◆ **Data excerpt**:
------------------------------------------------------------

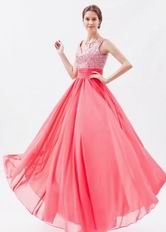 Princess Straps Beaded Jacinth Chiffon Evening Party Dress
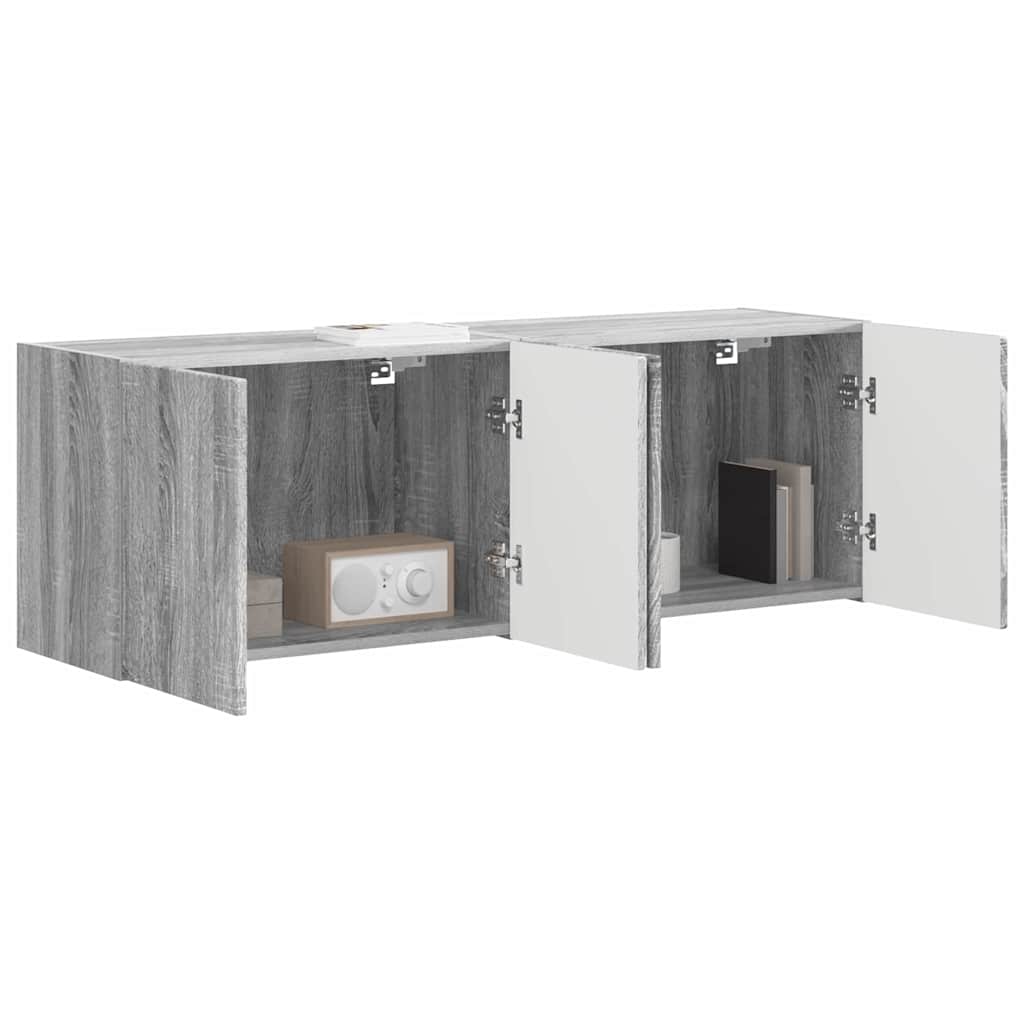 Dulap TV de perete Pe perete 2 pcs Gri Sonoma 59,5 x 31 x 40 cm — imaginea 4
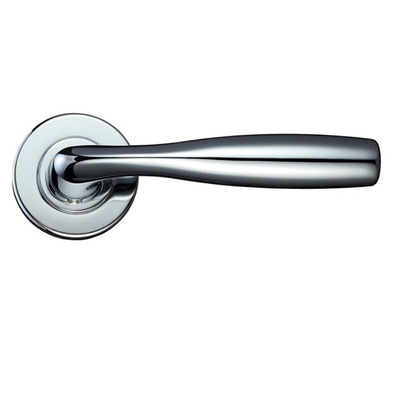 Zoo Hardware Rosso Maniglie Corvus Lever On Round Rose, Polished Chrome - RM070CP (sold in pairs) POLISHED CHROME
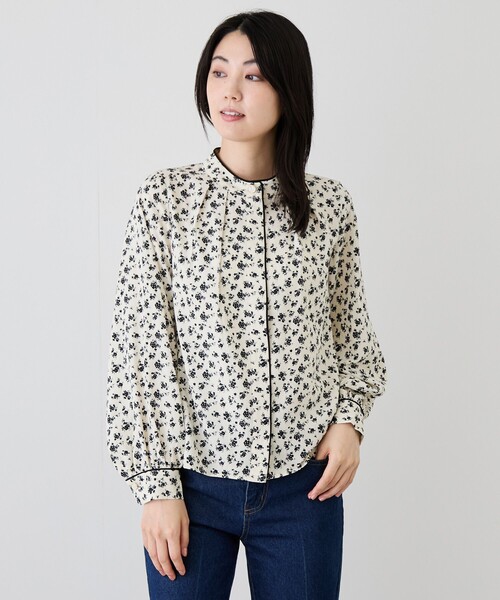Jayro(ジャイロ)の「パイピングスタンドカラーブラウス(シャツ/ブラウス・レディース・ブルー系その他2/ブルー系その他4/ホワイト系その他2/オフホワイト/ピンク系その他2・M)」の12枚目の写真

------------------------------------------------------------

◆ **Task**: Set down the data again, exactly, without images.

◆ **Finished task**:
 Princess Straps Beaded Jacinth Chiffon Evening Party Dress
 Dulap TV de perete Pe perete 2 pcs Gri Sonoma 59,5 x 31 x 40 cm — imaginea 4
 Zoo Hardware Rosso Maniglie Corvus Lever On Round Rose, Polished Chrome - RM070CP (sold in pairs) POLISHED CHROME
Jayro(ジャイロ)の「パイピングスタンドカラーブラウス(シャツ/ブラウス・レディース・ブルー系その他2/ブルー系その他4/ホワイト系その他2/オフホワイト/ピンク系その他2・M)」の12枚目の写真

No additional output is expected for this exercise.